Anywhoo, it'll be interesting as the shader requirements push the resolution and AA down whether or not the memory bandwidth matters as much as the raw shader power (which those tests show the HD5770 does have lots of in theory [outpacing the GTX295 and HD4890]), but at that point will it be bogged down elsewhere? The RBEs and TMUs have been tweaked to better handle Tesselation, but it still becomes a question mark, because the more you free things up in one spot, you move the bottleneck back somewhere else, and maybe it returns back to memory, I just don't know yet, it requires testing that even Rys @ B3D didn't get a chance to investigate when they got their HD5870. Can't wait for the follow-up to flesh out some of those details, or for Digit-Life/ixbt to run some more Rightmark tests on the HD5770, hopefully with the HD5870 and mature drivers.
 
Well guys,
Before you speculate what XDR can do or not, get ready to keep your saliva when tessalation will be in use.

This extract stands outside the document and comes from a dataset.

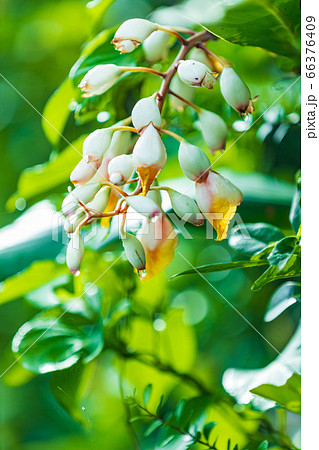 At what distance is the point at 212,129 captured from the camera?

It'll be possible to define one leaf with two triangles but lifelike appearance.

That's the speed increase in DX11. Throw in DirectCompute for physics and call me on the funeral ceremony of nVidia PhysX.

(I agree that it's harder to code physical integrals in DirectCompute than in PhysX - hey, I studied theoretical physics for 6 years! - but it does not matter. Hardware independent API pervails on hardware dependent API.)